Thursday, February 9, 2012

While I'm Waiting

So we know how 16 year old Lindsay would react to still being single, but the big question is how does 30 year old Lindsay feel about it. Well, I have my good days (which have been a little more frequent lately) and my bad days, which have pretty much ruled my time in the last 5 years.

It is very hard being single! I have had a couple instances where I returned to being with a man that I already know is not "the one" simply because it is nice to not be alone. Some people are perplexed why I would "waste" my time on a relationship that I know is not right. Those people don't know what it is like to be alone. I'm not trying for a pity party here - "Oh Lindsay, she's so sad and all alone." I am just trying to tell it like it is. When I struggle with stuff, I am on my own. When I have a craptastic day, I don't have anyone to talk to (except my patient mother). When I have to make tough decisions there is no one to weigh them with. I know marriage is hard, I am certain of it. I know that being part of a duo is not always great. But I also know being alone is harder.

1 Corinthians 7:8 The Message
I do, though, tell the unmarried and widows that singleness might well be the best thing for them, as it has been for me. But if they can't manage their desires and emotions, they should by all means go ahead and get married. The difficulties of marriage are preferable by far to a sexually tortured life as a single.

Dude! Paul speaks the truth on this one! I have given singleness a shot, I have spent years perfecting it, and you know what? It is NOT for me. Of course, if you keep reading the chapter, Paul expands on his views of marriage:

1 Corinthians 7:32-35 The Message
I want you to live as free of complications as possible. When you're unmarried, you're free to concentrate on simply pleasing the Master. Marriage involves you in all the nuts and bolts of domestic life and in wanting to please your spouse, leading to so many more demands on your attention. The time and energy that married people spend on caring for and nurturing each other, the unmarried can spend in becoming whole and holy instruments of God. I'm trying to be helpful and make it as easy as possible for you, not make things harder. All I want is for you to be able to develop a way of life in which you can spend plenty of time together with the Master without a lot of distractions.

Drat! So all this time, when I was all kinds of fixated on how much it sucks to be single, I was supposed to use that time to concentrate on God? Yeah, I have not exactly done that. Apparently all this time I have been "free" but I have let my displeasure with God's timing wrap me up in chains. I let that displeasure (let's just call it anger) be a major distraction for me.

So now what?

The thing is, for all the time I have spent being angry at God, and crying about being single, I truly believe I have been growing. In my humanness, I still wish God would bring someone into my life on my timetable, but in my spirit, I know that God has his reasons for what I perceive to be Him holding out on me. I once said to my dad, that even if God brought someone into my life in this moment, and I could live "happily ever after"  I would still be mad at Him for making me wait so long. I really wish that wasn't true, but it is. So that is what I am working on - having peace about God's plans for me. It's probably one of the hardest things I have ever done, is to let go of that anger about my perceived injustice in God's timing. Am I alone here? Have you ever thought that God was being unfair, or holding out on you? What is the thing that you got mad at God for?

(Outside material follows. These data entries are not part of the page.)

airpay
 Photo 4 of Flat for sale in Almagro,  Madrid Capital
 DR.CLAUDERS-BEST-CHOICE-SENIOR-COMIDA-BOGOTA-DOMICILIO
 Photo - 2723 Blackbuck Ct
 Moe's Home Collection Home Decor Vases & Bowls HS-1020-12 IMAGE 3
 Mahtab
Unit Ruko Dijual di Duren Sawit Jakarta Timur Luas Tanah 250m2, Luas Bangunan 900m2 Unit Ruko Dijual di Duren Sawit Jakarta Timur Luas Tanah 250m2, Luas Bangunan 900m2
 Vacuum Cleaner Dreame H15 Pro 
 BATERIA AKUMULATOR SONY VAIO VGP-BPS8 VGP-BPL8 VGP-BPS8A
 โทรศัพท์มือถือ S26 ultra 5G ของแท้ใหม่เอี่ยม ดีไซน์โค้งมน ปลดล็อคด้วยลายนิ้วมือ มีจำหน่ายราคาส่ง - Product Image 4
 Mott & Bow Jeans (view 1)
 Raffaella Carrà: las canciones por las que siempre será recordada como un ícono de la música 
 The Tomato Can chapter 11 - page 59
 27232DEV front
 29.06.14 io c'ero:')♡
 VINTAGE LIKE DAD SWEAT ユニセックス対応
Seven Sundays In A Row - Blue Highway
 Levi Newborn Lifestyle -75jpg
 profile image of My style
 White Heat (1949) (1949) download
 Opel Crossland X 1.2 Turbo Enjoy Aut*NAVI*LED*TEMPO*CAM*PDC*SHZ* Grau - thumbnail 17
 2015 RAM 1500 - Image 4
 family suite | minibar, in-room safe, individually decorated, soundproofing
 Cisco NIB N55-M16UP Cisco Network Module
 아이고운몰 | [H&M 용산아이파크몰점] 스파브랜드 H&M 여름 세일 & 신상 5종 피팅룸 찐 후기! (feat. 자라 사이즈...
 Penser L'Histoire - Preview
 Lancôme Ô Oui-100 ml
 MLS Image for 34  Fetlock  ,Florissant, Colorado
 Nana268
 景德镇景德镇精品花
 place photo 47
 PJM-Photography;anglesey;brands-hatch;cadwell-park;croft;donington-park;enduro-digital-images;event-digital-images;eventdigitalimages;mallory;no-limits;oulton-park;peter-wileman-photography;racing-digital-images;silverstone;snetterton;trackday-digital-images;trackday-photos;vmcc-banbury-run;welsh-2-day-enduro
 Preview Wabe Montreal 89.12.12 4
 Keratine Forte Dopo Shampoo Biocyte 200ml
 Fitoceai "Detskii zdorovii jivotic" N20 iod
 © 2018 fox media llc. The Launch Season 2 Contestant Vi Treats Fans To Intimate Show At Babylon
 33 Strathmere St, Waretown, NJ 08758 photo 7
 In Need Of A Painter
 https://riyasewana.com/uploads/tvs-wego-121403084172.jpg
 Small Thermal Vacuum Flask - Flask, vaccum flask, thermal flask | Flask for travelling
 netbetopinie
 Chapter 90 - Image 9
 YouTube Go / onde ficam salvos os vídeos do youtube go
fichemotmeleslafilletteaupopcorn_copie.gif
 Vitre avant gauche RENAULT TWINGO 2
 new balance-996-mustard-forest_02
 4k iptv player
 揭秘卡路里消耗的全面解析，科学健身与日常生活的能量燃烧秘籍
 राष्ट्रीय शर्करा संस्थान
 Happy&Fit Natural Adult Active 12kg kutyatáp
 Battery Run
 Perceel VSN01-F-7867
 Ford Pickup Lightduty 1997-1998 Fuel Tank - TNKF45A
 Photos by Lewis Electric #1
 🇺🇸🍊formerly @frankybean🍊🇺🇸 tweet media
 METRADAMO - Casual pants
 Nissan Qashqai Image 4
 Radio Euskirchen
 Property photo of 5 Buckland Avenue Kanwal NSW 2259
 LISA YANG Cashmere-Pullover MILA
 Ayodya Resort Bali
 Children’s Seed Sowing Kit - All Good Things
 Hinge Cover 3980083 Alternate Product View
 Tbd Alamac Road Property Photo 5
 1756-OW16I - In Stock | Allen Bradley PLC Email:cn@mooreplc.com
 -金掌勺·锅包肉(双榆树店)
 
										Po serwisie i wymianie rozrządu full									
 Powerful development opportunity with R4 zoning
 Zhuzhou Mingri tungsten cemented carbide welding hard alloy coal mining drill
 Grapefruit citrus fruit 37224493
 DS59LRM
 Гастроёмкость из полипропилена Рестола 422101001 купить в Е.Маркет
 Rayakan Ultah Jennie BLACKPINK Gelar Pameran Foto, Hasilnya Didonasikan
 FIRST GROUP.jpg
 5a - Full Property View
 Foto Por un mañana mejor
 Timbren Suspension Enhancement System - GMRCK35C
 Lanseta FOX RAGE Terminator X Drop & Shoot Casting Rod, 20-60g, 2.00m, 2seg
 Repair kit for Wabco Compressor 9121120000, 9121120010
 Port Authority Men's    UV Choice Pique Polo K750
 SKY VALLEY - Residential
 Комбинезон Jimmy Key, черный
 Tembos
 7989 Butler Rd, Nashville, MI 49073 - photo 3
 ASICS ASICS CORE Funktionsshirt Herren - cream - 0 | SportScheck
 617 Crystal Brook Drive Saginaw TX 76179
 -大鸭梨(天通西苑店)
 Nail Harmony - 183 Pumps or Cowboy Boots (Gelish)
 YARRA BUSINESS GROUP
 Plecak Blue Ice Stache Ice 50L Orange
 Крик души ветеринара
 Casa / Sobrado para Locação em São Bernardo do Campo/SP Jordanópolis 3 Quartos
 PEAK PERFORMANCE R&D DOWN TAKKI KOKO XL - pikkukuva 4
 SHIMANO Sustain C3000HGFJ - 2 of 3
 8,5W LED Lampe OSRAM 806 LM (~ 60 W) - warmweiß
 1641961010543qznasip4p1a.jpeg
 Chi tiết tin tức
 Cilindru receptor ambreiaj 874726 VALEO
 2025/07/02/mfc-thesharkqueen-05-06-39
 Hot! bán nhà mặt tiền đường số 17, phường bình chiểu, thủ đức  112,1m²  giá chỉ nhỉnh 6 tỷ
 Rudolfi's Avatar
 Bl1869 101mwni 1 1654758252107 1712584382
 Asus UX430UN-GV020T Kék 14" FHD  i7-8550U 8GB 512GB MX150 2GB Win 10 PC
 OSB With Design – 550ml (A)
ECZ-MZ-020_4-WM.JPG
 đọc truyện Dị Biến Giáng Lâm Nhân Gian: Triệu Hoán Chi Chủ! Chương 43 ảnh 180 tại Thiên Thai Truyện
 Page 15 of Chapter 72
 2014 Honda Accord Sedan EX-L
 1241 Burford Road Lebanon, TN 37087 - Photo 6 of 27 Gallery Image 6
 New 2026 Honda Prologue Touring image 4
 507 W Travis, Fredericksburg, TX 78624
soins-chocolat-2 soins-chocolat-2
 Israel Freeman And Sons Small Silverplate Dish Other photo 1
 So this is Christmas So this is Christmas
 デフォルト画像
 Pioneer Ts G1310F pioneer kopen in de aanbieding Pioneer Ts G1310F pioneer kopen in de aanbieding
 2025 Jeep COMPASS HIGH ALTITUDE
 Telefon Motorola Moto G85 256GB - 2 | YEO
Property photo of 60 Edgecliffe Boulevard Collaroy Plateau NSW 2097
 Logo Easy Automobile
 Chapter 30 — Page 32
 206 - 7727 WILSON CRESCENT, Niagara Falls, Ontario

I also have these moments when I feel like such a dummy for being so mad at God about something that is obviously not the only important thing in life.

"Can you worship a God who isn't obligated to explain His actions to you? Could it be your arrogance that makes you think God owes you an explanation?" ~ Francis Chan

For too many years I have been thinking that God owes me an explanation. In fact I became so mad at Him, I knew I would demand an explanation even if I got what I wanted. It has taken far too long to move beyond that arrogance and start to channel my energy towards being obedient, and accepting that God doesn't answer to me. I am to answer to Him.

I'm not good at letting other people have control. No, really, I suck at it. So when it comes to letting an abstract force have control, I generally let God have the reigns for all of 2 seconds before I decide He is not doing it right, or He must need my help. I am one of those people who takes it to the altar, and then after I have prayed, I go ahead and pick it back up again. God's busy, I can manage this myself. But can I really?

Psalm 37:4-8 New Living Translation
Take delight in the LORD,
and he will give you your heart’s desires.
Commit everything you do to the LORD.
Trust him, and he will help you.
He will make your innocence radiate like the dawn,
and the justice of your cause will shine like the noonday sun.
Be still in the presence of the LORD,
and wait patiently for him to act.
Don’t worry about evil people who prosper
or fret about their wicked schemes.
Stop being angry!
Turn from your rage!
Do not lose your temper—
it only leads to harm.
The Word is pretty clear. Delight in who God is, have some peace and listen to Him, and above all, stop being mad, get over your issue because it's just going to destroy you, and the promise is that God will meet your need.

It is hard to believe, and it is even harder to practice. But I am trying. I am looking to Him, and trying. I may have wasted time not seeking Him first in my singleness, but that only made my sadness and restlessness worse. It's time to change my game plan. It's absolutely time to commit to serving him while I wait.